The old zoning framework allowed single detached homes in the RF1 zone, semi-detached homes in the RF2 zone and rowhomes up to 1 unit per 150 m2 in the RF3 zone. The zoning bylaw, in conjunction with Area Redevelopment Plans, strictly dictated how and where developers can add density.
The full rewrite of Edmonton’s Zoning Bylaw, which took effect at the beginning of 2024, allowed by-right 1 unit per 75 m2 which is capped at 8 units for a midblock lot. Additionally, instead of controlling the exact type of residential use (single family/semi-detached), the city now allows any residential use. This allows developers and neighbourhood-driven demand to decide the form of housing it desires.
Removing arbitrary parking requirements cut development costs
The City also removed minimum parking requirements in 2020, switching to Open Option Parking to allow market forces to determine how much parking a property needs. A semi-detached home may demand a heated 2 car garage per unit in order to position itself, but a small 8-unit apartment building near transit will likely do well with an uncovered 3-to-4 car concrete pad off the rear lane. Instead of applying a broad stroke of “one stall per unit” across all types of residential buildings, developers pick and choose based on what adds the most value to their target demographic.
Unlocking densification through low-cost and low-risk development
Small-scale infill developments also operate within Part 9 of Alberta’s Building Code, making permitting and construction costs much lighter, thus creating a very cost effective way of delivering more units to the market. This reduces a lot of the costs associated with residential development, and these savings get passed on to renters due to a high degree of competition. New developments in Edmonton can get away with asking for far less in rent than the typical premium that large-scale infill needs in order to pencil out, which allows missing-middle housing to be priced in a mid-tier quartile instead of competing in the luxury space.

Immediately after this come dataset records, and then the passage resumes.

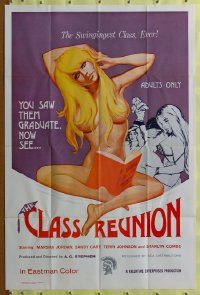 510FF CLASS REUNION one-sheet '72 Ed Wood sexploitation!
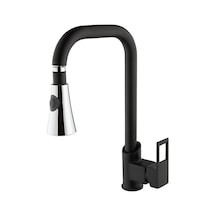 Vilas Diamond Lüks Siyah Fonksiyonlu Başlık Mutfak Eviye Bataryası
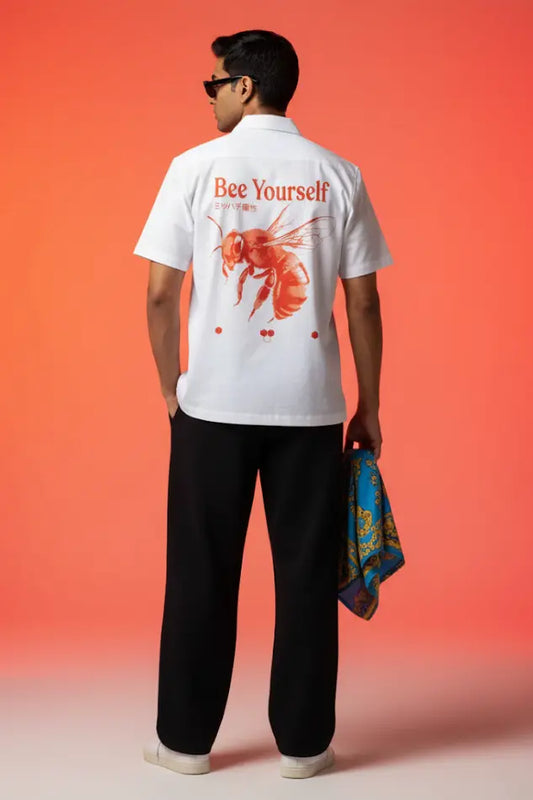 BEE YOURSELF Unisex Oversized Shirt CREEPINS CLOTHING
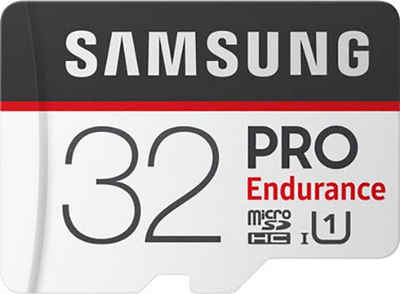 Samsung »PRO Endurance microSD 32 GB« Speicherkarte (32 GB, UHS Class 1, 100 MB/s Lesegeschwindigkeit)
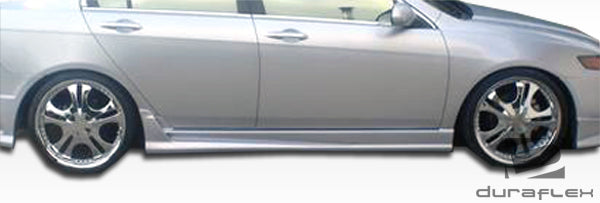 2004-2008 Acura TSX Raven Style Side Skirts Rocker Panels - FRP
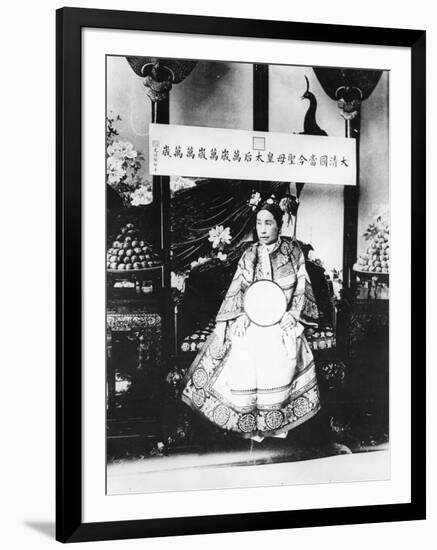 Empress Dowager Cixi of China, 1904-Chinese Photographer-Framed Photographic Print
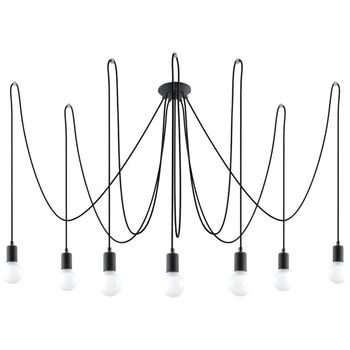 Lámpara asum negro, 7 luces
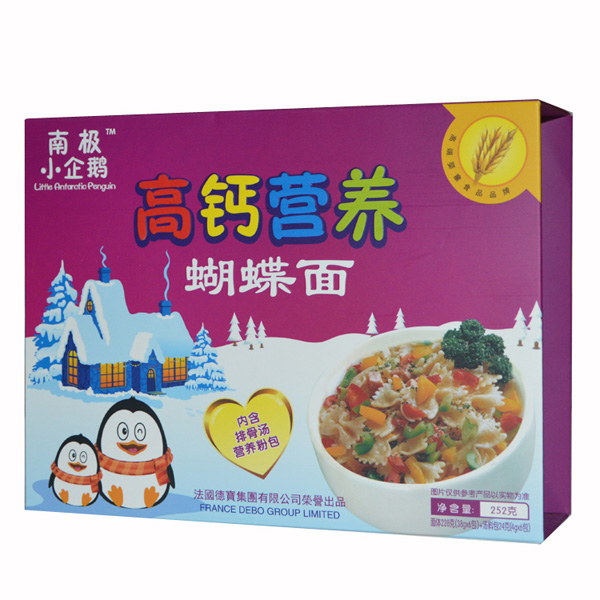 南極小企鵝高鈣營(yíng)養(yǎng)蝴蝶面橫盒252g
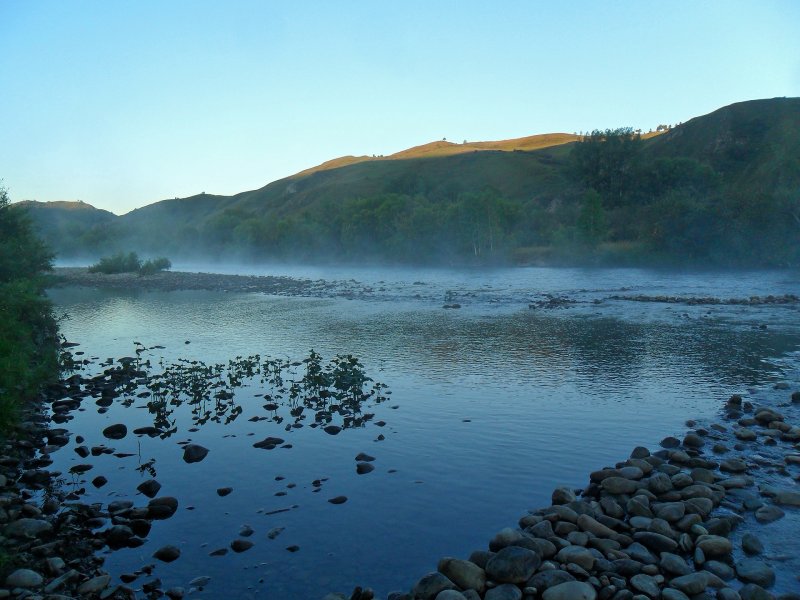 Река Иня Тогучин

The delivery mechanism of small-scale infill also introduces a critical time advantage. Instead of the multi-year horizons required for large developments, missing-middle projects deliver finished units to the market within 12 to 15 months. This compressed cycle drastically reduces interest rate risk and carrying costs. Small-scale developers can accept a lower rate of return due to less uncertainty.
Vacancy relief for the cheapest rentals
The result of all this new missing-middle development is that the cheapest 75% of rentals are becoming highly stable. Instead of middle-income renters being pushed into the lowest quartile during a population growth surge, Edmonton’s supply is steadily keeping up with exactly what the market demands. This allows the vacancy in the cheapest 75% to hover comfortably around 3%.
Japan’s precedent for gentle density
It is often suggested that Edmonton’s affordability is due to nearly endless cheap land nearby and that the nature of Toronto and Vancouver’s spatial constraints make them inevitably unaffordable. But Edmonton’s current affordability advantage actually comes from its ability to grow upward, not outward.
Looking internationally, Japan has a very similar regulatory framework of bottom-up, demand-driven density. In the 1970s, Japan nationalized the zoning code and consolidated their zones down to just 12 core “use categories.” Just as Edmonton is doing, bottom-up gentle density allows developers to deliver more housing where there is demand for it. Today, Japan has the most affordable rent of any developed country.
Japan largely achieves affordability by allowing space for every form of housing the market demands. Hyper-affordable micro apartments in Tokyo’s suburbs can be rented for as little as CA$300, because there is an environment for a developer to be able to easily reposition an existing building to something the market demands.
Thirty months ago Edmonton officially reformed its regulatory environment allowing cheap and cost effective density to be added and respond to demand. As a result, the most affordable units can remain affordable, slowing or preventing housing scarcity. Edmonton’s Japan-like approach shifted to the North American context is now the blueprint for municipalities that take affordability seriously.